1. Network Isolation

For high-sensitivity workloads, keep the FM path inside private networking:

VPC-enabled compute for orchestration and post-processing
VPC endpoints for S3, Bedrock, CloudWatch, and other required AWS services
private connectivity to internal order, profile, and catalog services
no unmanaged outbound internet path from sensitive execution roles

The aim is to make data movement explicit and reviewable.

2. Least-Privilege IAM by Function

Split permissions by responsibility:

chat orchestrator role
retrieval role
order tool role
logging role
evaluation job role

For example, the recommendation flow might read pseudonymized profile signals, while the order-tracking flow can read only order status fields for the authenticated customer context.

3. Fine-Grained Data Access

Where governed datasets are shared across teams:

register datasets in Lake Formation
define table- or column-level entitlements
restrict who can query raw transcript stores versus masked analytics views

This is how we stop "one data lake" from becoming "one giant permission."

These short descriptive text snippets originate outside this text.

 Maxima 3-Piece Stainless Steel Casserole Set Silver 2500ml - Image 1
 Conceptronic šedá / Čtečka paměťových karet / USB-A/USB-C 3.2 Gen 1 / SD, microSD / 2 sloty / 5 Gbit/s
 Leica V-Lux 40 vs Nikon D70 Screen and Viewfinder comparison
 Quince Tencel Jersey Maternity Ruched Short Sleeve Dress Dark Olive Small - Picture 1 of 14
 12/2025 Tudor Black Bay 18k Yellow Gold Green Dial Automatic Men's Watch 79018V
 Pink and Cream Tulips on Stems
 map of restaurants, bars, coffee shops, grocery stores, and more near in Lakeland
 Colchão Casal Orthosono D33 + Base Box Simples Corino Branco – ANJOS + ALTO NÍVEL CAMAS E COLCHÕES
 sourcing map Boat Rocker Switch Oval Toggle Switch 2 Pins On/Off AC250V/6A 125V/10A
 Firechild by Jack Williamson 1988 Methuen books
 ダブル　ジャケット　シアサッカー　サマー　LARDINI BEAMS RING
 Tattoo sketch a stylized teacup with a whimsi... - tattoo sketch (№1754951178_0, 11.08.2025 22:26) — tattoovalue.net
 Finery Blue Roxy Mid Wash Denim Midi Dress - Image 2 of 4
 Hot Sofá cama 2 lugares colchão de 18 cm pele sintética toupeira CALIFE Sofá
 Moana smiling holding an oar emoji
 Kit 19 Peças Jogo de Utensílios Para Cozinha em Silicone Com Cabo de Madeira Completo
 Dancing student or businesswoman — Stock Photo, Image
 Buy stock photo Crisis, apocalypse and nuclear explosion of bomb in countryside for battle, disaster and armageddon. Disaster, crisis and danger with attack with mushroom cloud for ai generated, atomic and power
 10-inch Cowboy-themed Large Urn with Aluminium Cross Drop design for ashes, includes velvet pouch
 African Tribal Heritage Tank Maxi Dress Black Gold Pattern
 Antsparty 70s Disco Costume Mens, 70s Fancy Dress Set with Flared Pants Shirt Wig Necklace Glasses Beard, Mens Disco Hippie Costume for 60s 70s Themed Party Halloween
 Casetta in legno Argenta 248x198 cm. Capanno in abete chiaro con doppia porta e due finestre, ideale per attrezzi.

4. Monitoring and Access Visibility

CloudWatch and CloudTrail should capture:

which service assumed which role
which data resource was touched
whether access was denied or unexpectedly spiked
whether requests came from approved network paths

This turns environment security into an observable control, not a static diagram.

5. Session-Scoped Access Patterns

Sensitive requests should be authorized using request context:

authenticated customer identity
allowed intent types
tool-specific scopes
short-lived credentials or signed calls where appropriate

This reduces the chance that one compromised component can replay broad access.

Acceptance Criteria

Sensitive FM paths use private connectivity and approved service endpoints only.
IAM roles are scoped by workflow and do not share broad cross-service permissions.
Raw and masked datasets are separated by policy and access path.
Data access is logged with enough detail to support investigations.
New GenAI components cannot be promoted without an access review.

Signals and Metrics

percentage of sensitive traffic traversing private endpoints
count of IAM roles with wildcard permissions
denied-access events by component
time to identify which component accessed a sensitive dataset
number of services with direct access to raw transcript data

Failure Modes and Tradeoffs

Private networking can add operational friction. Mitigation: standardize secure service templates.
Least privilege can be bypassed by shared roles. Mitigation: enforce role boundaries through infrastructure review.
Monitoring gaps turn secure design into guesswork. Mitigation: require logging for every sensitive access path.

Interview Takeaway

Protected AI environments are about network boundaries, identity boundaries, and data boundaries working together. If any one of those is loose, the FM path is not truly protected.